▸ What you need to do: The entries below contain a line with "Cofrinhos Personalizados Moranguinho" and a line with "Verbluffende kunst canvas". Retype exactly everything from the first down to the second, both included, and nothing else.

▸ Information supplied:
══════════

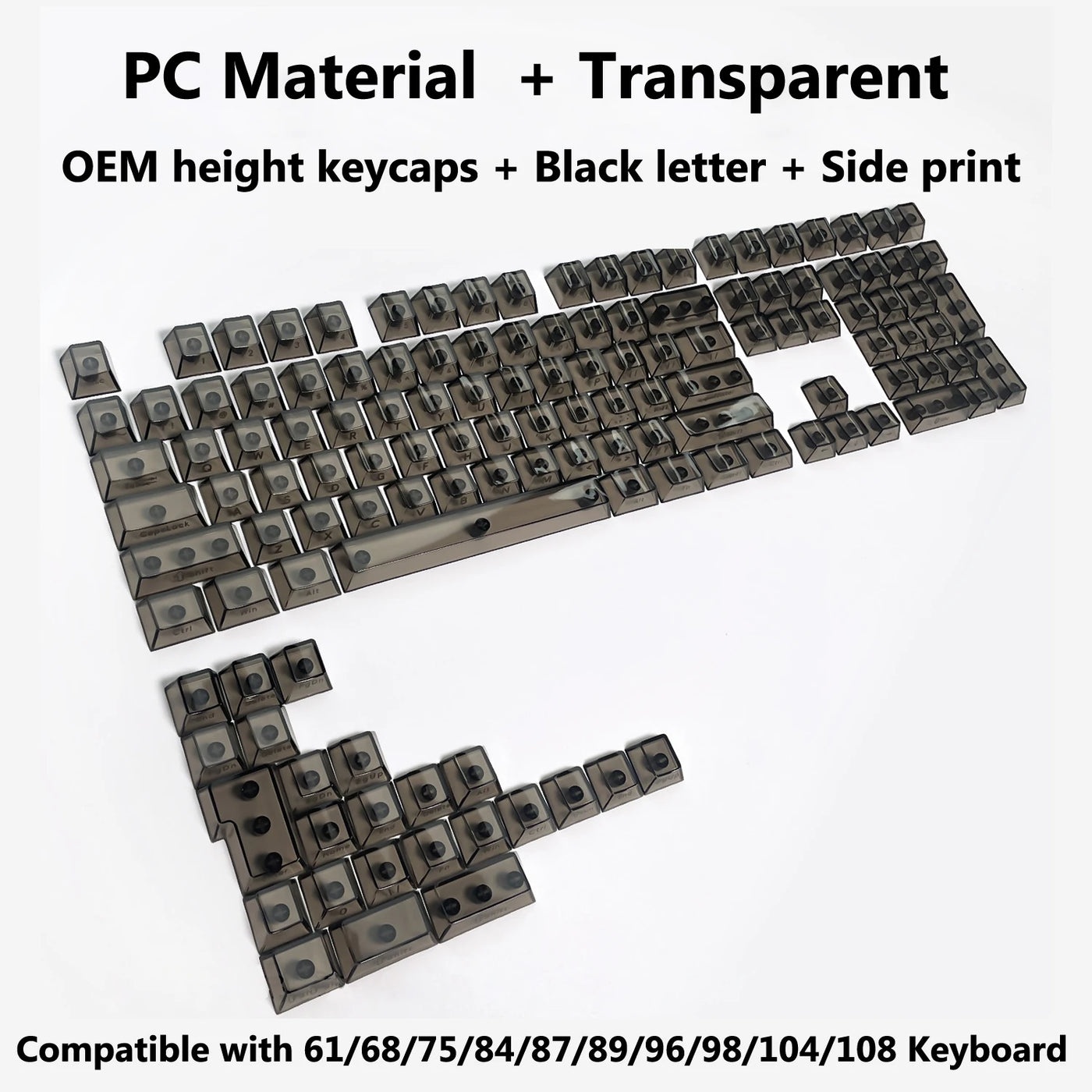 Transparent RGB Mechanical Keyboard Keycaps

══════════

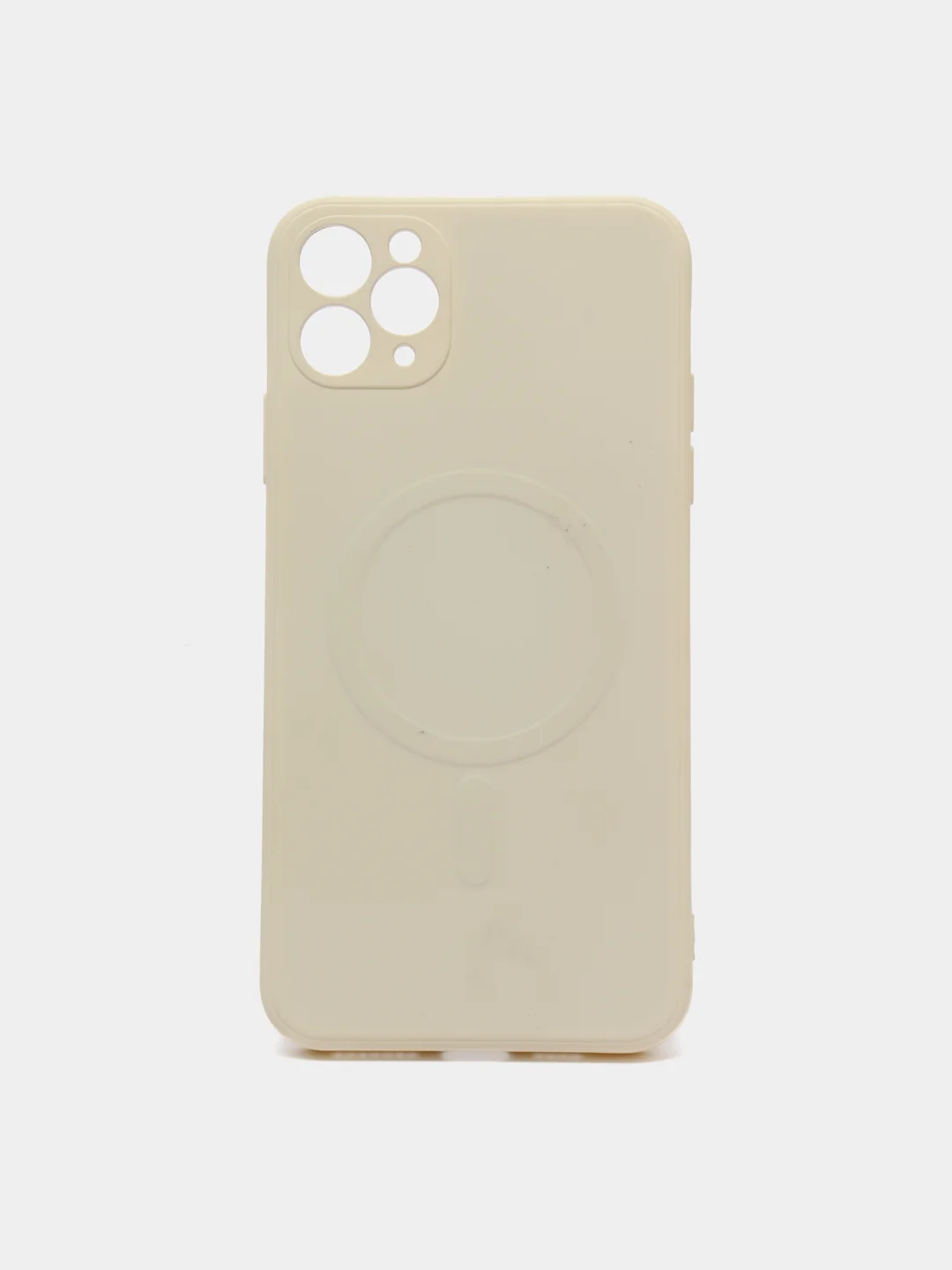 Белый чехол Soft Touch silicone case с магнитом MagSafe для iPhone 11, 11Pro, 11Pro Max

══════════

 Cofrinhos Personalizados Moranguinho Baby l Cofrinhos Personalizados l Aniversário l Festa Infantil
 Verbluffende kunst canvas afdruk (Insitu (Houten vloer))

══════════

▸ Answer for this exercise:
 Cofrinhos Personalizados Moranguinho Baby l Cofrinhos Personalizados l Aniversário l Festa Infantil
 Verbluffende kunst canvas afdruk (Insitu (Houten vloer))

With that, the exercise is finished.